Stored dataset items
^^^^

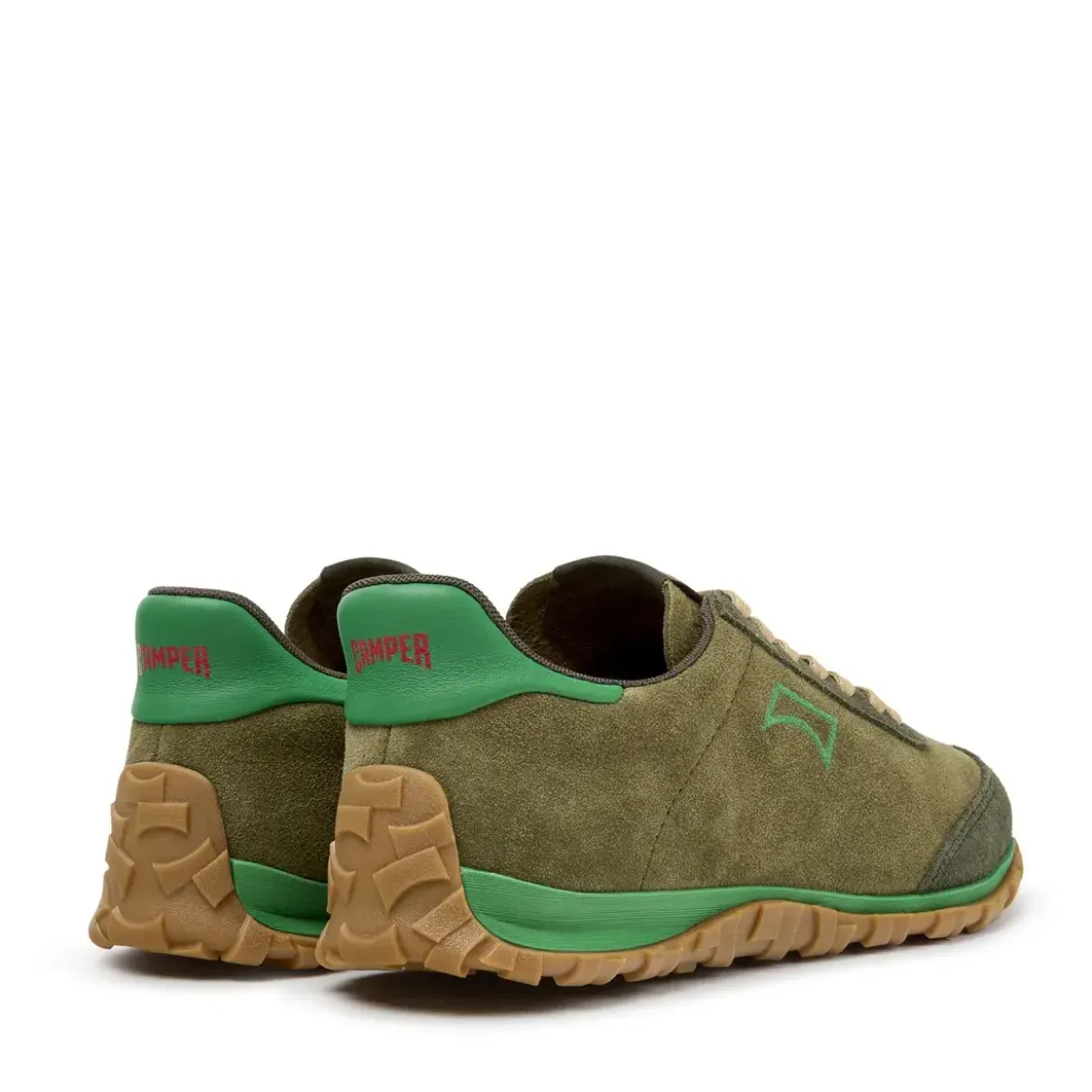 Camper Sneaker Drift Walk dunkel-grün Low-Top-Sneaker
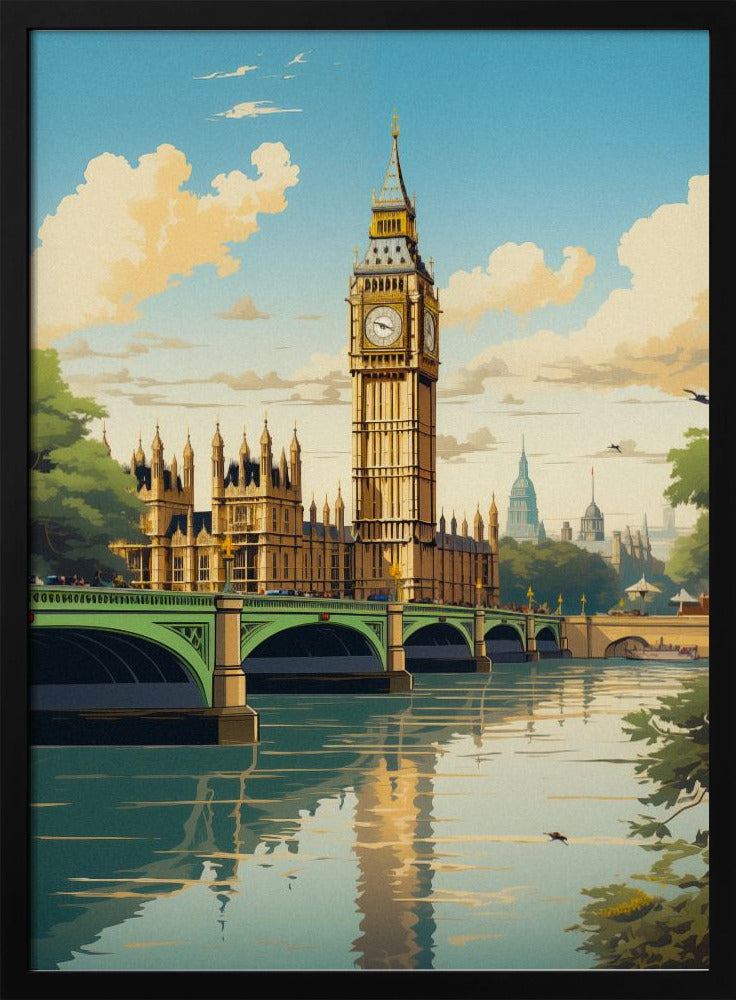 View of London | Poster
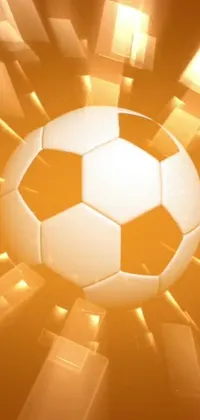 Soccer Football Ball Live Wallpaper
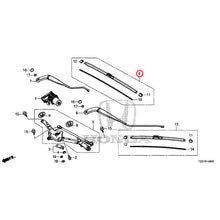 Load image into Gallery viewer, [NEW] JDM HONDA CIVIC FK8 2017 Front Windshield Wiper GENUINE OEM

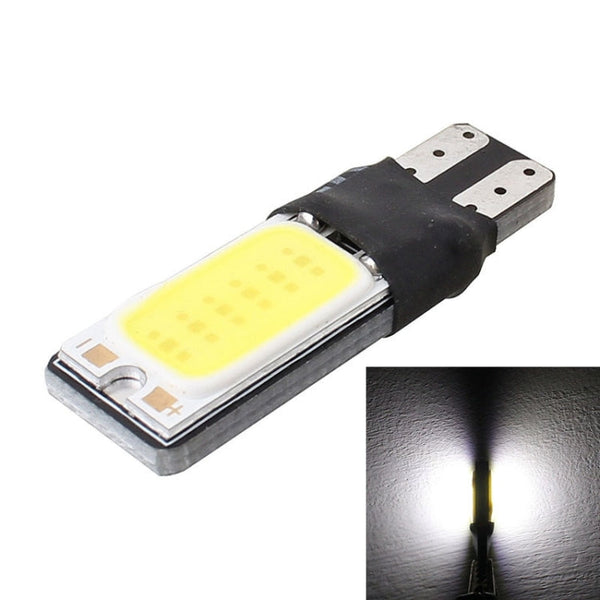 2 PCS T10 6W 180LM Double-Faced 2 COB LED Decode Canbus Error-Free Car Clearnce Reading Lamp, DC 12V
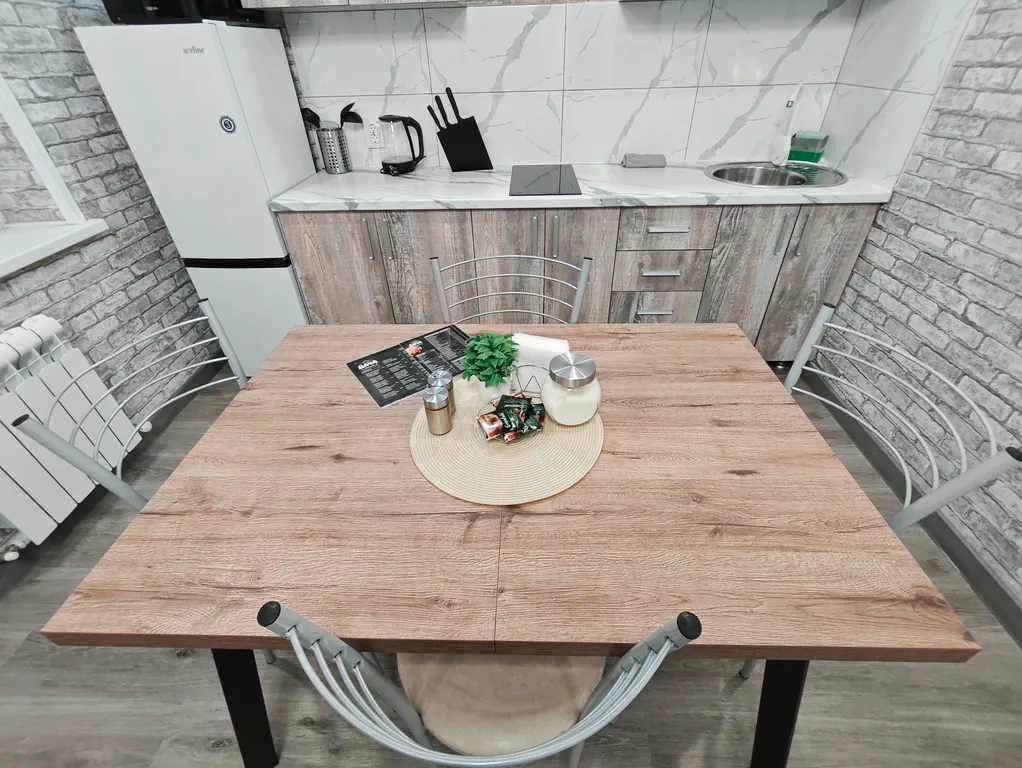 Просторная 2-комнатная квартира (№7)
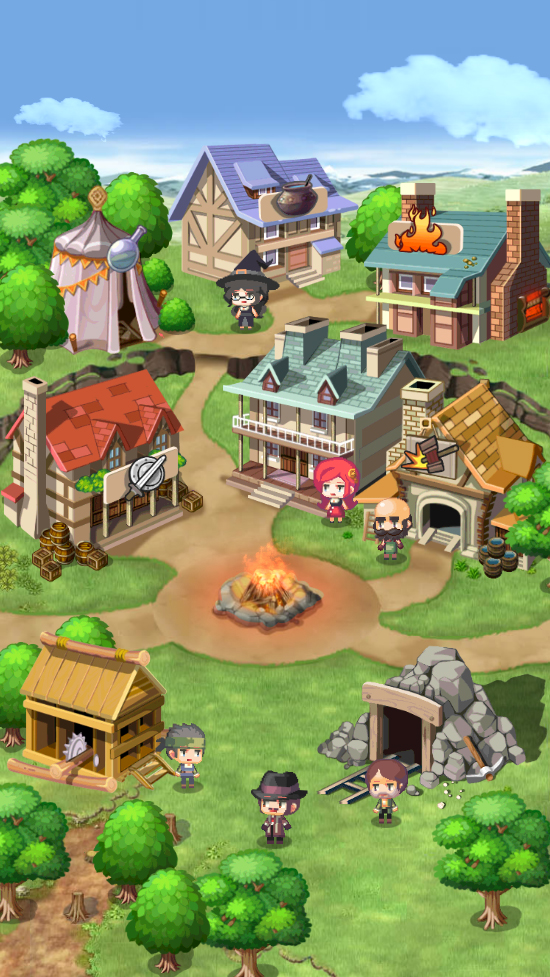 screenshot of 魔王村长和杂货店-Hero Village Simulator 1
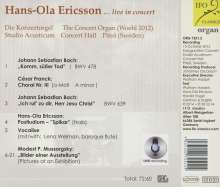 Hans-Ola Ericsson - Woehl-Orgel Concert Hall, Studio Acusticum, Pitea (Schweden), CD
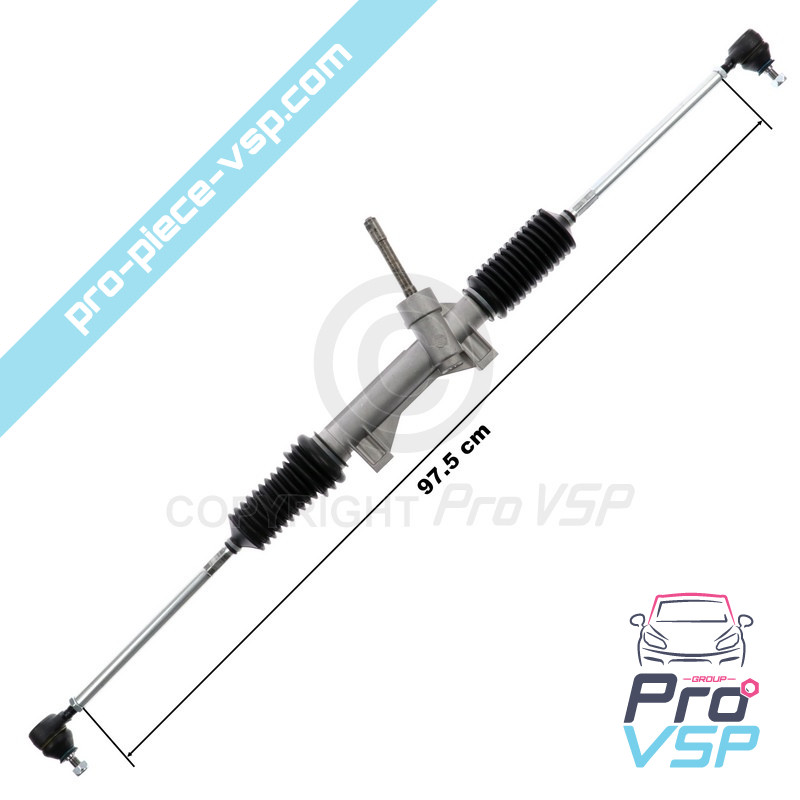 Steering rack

^^^^

= DESCRIPTION OF THE TASK =
Each line above from the one containing "2 PCS T10 6W" through the one containing "screenshot of 魔王村长和杂货店-Hero" is to be returned verbatim. Nothing else, and no pictures.

= RESULT =
 2 PCS T10 6W 180LM Double-Faced 2 COB LED Decode Canbus Error-Free Car Clearnce Reading Lamp, DC 12V
 Просторная 2-комнатная квартира (№7)
 screenshot of 魔王村长和杂货店-Hero Village Simulator 1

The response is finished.